Of course, there's a limit to where I find myself doing it way too much and have to temporarily stop myself.

Overall I find it a generally beneficial thing to do.


----------



## RoseWhiteRoseRed (Apr 14, 2013)

I do this quite often, which I hate but I caan't help it though. like I can't stop myself from doing this


----------



## slytherin (Dec 30, 2012)

All the time. I find if I do it too much before actually talking to someone I get extra weird though, because it's like I've made a script in my head for how the interaction should go. And when it inevitably doesn't stick to the script I get freaked out and am extra weird!


----------



## tbyrfan (Feb 24, 2011)

I've always done this.


----------



## Learn to Fly (Feb 28, 2013)

I do that too. If I notice I'm doing it I try to stop because I know the conversation won't actually happen the way I imagine.


----------



## CW1985 (Jan 6, 2013)

I do this all the time. I often think about the way I'm going to greet my friend the next time I see her (assuming there will be a next time, because things aren't exactly great right now).

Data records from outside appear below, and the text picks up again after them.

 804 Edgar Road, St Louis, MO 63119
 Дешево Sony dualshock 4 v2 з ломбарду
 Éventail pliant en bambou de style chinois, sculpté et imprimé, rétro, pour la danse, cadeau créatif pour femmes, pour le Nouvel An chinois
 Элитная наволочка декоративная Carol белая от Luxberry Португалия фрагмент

I picture hugging her and saying out loud what I plan on saying on the day.


----------



## getsomeair (Feb 1, 2013)

So normal people don't have them?


----------



## PurrPanther (Nov 16, 2012)

I have them sometimes....mostly about people saying stuff to me...so in my mind, I imagine what the hell would I respond to them if they said that. Then bam they say that exact ****ing thing I imagined them saying....people can be quite predictable.


----------



## MurrayJ (Sep 5, 2012)

Same here. It's like a second life we want to live.


----------



## StormChaser (Apr 26, 2013)

I tend to imagine how my whole day will start before i start it.


----------



## Mokuren (Apr 4, 2013)

i used to do it a lot be haven't recently. might be because of a lack of socializing and 'base' conversations to spark off the imagined interactions. Still do it but not as often.


----------



## KumaKhameleon (Apr 18, 2013)

WOW! I really thought I was nuts, and the only one who does this. Phew, guess not. 

My planned conversations never go as well in real life though... XD


----------



## KumaKhameleon (Apr 18, 2013)

slytherin said:


> All the time. I find if I do it too much before actually talking to someone I get extra weird though, because it's like I've made a script in my head for how the interaction should go. And when it inevitably doesn't stick to the script I get freaked out and am extra weird!

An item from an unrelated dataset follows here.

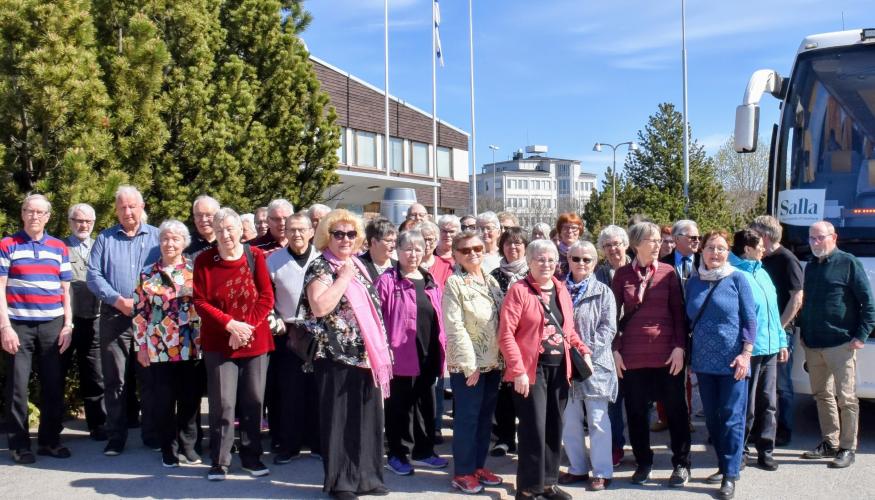 Lappilaisia Lehmirannassa, kuva Eero Perttunen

^GET OUT OF MY HEADDD. :shock

Seriously though, this is what I do every day of my life. And people rarely stick to my script either, if that makes you feel any better. :teeth


----------



## KnivesOut (Apr 26, 2013)

Yea all the time, and these damn "conversations" keep me from going to sleep. LoL


----------



## vulgarrobot (Jul 23, 2012)

KnivesOut said:


> Yea all the time, and these damn "conversations" keep me from going to sleep. LoL


same


----------



## zomgz (Aug 17, 2009)

Wow there's a name for this? I always thought my fantasy world just somehow merged with the real world. I honestly can't tell the difference anymore.


----------



## SpyNumber403 (Apr 21, 2013)

Yes, doing it afterwards is nice and heartwarming because you always get to win. Doing it before is something I've always done as well.

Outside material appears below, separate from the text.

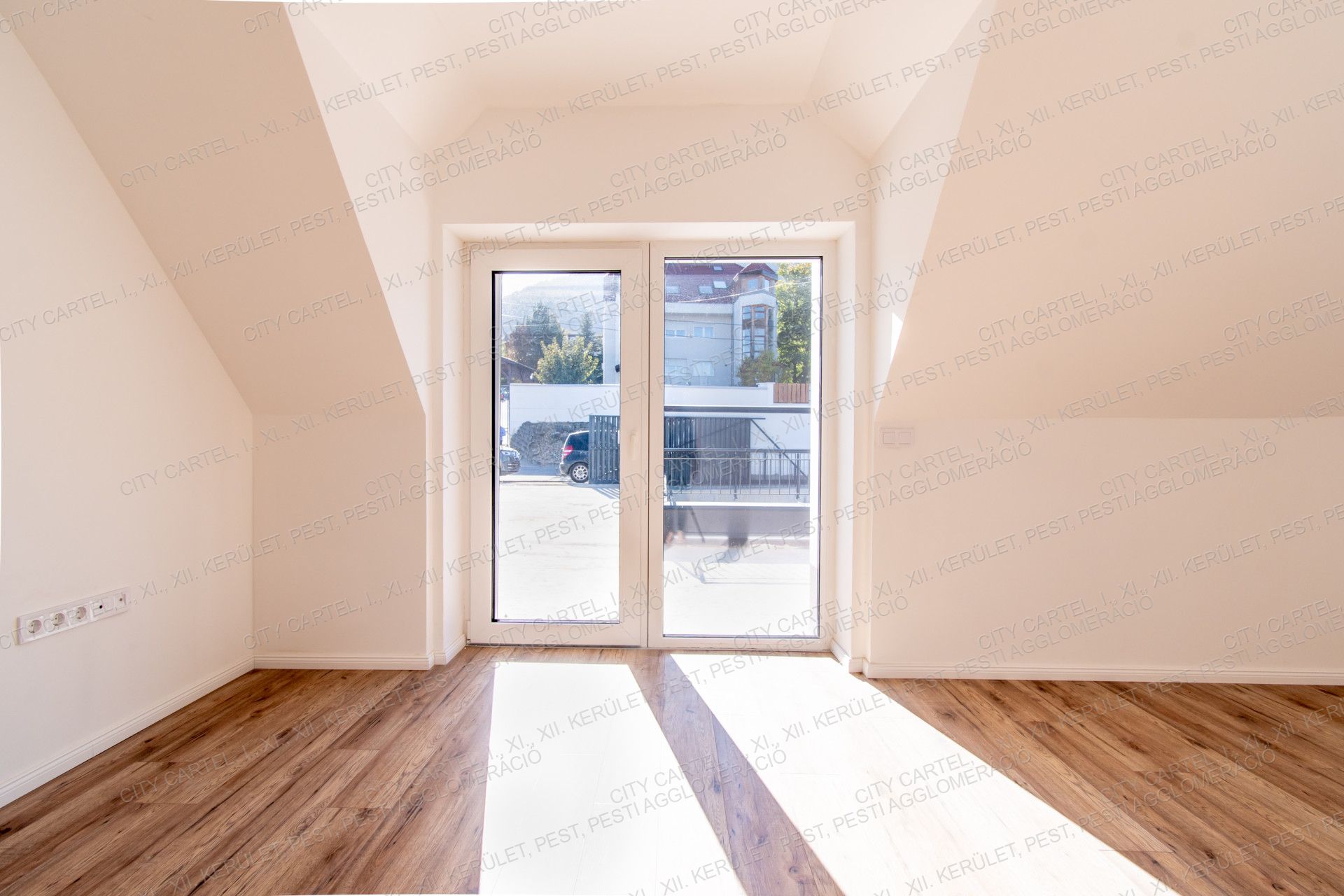 A fájl már létezik a célhelyen: import/kepek/vizjeles_4510132.jpg
For sale house Budapest, III. kerület  190 m<sup>2</sup> 360 millió Ft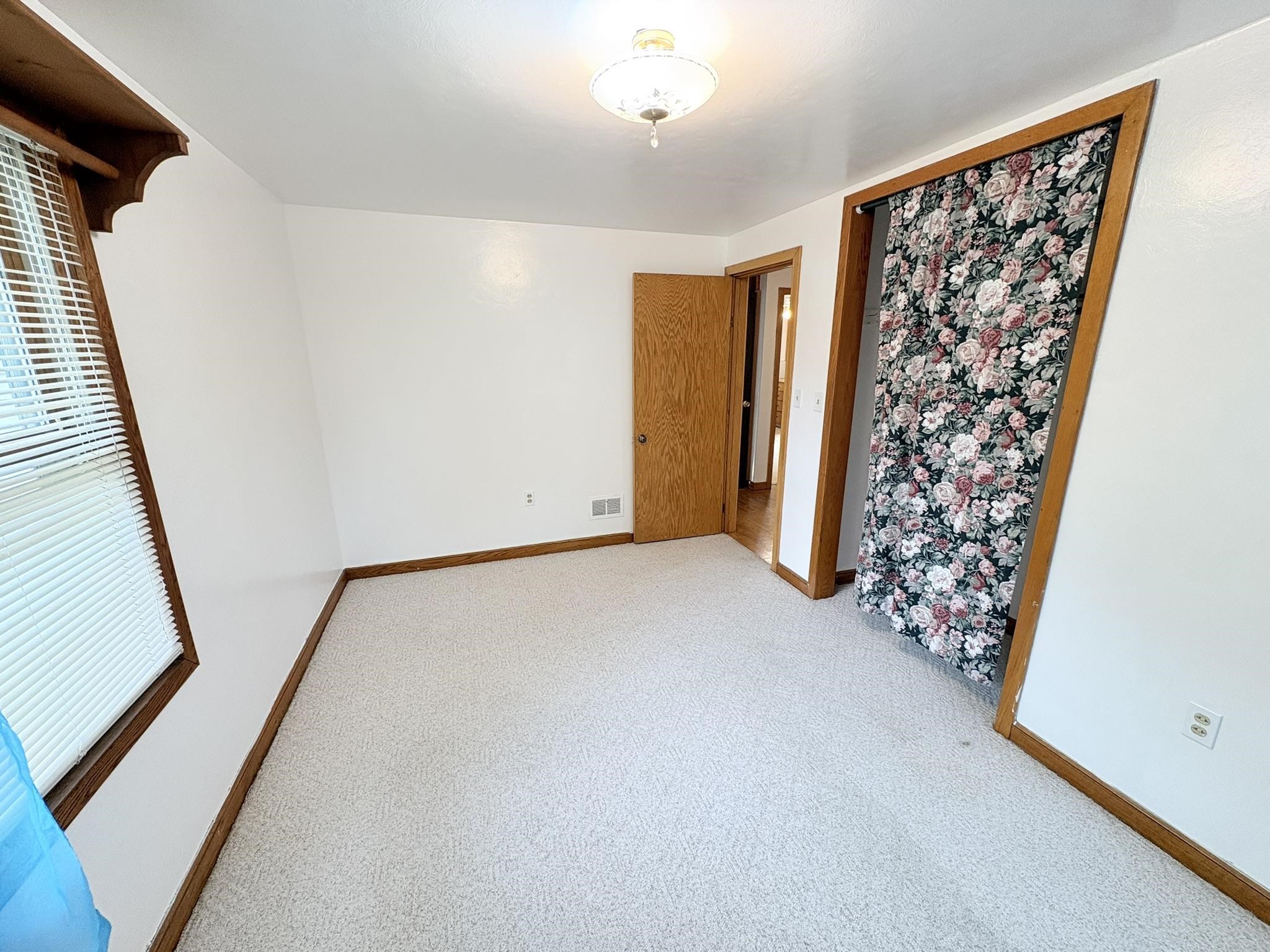 1521 MONROE STREET, Wisconsin Rapids, Wisconsin 54494, 2 Bedrooms Bedrooms, ,1 BathroomBathrooms,Residential,For Sale,1521 MONROE STREET,22601883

Let me tell you from experience of doing this a ton and then stopping it because i figured it was destructive and making me more mental: It actually greatly helps my social interactions. It takes away a lot of the fear of the unknown. 

I think this is a completely healthy behavior. I bet it even helps people learn certain social cues and things.


----------



## Perkins (Dec 14, 2010)

I do this all the time. No, seriously.


----------



## NoHeart (May 5, 2012)

This is what has kept me ( relatively ) sane for the past 5 years or so.


----------



## Haruhi (Jul 8, 2011)

all the time lately, i feel as if i'm going crazy >.<


----------



## chameleon persona (Mar 20, 2013)

i do this too, although i sometimes forget that im talking to myself lol


----------



## TrueColor (Apr 21, 2013)

I do this too... 

I also pre-prepare a list of topics for 'casual' conversation.. e.g. if am gonna meet a friend in a public place & know I'll be so anxious my mind will go blank... at least I'll have a mental list to fall back on.


----------



## melodielemon (Apr 30, 2013)

Chelse said:


> According to wikipedia, Imagined interactions are when individuals imagine themselves in anticipated or recalled interaction with others....which allows one to talk to oneself and imagine talking to others as well.
> 
> http://en.wikipedia.org/wiki/Imagined_interaction
> 
> ...


This sounds EXACTLY like me


----------



## I wish i was normal (May 28, 2012)

I'm so amazingly confident in my imagined interactions. Then when i leave this dream scenario and return to reality, i feel extremely depressed. So i'd rather i didn't have them, but i can't stop it!


----------



## shorty28562 (Jul 7, 2008)

slytherin said:


> All the time. I find if I do it too much before actually talking to someone I get extra weird though, because it's like I've made a script in my head for how the interaction should go. And when it inevitably doesn't stick to the script I get freaked out and am extra weird!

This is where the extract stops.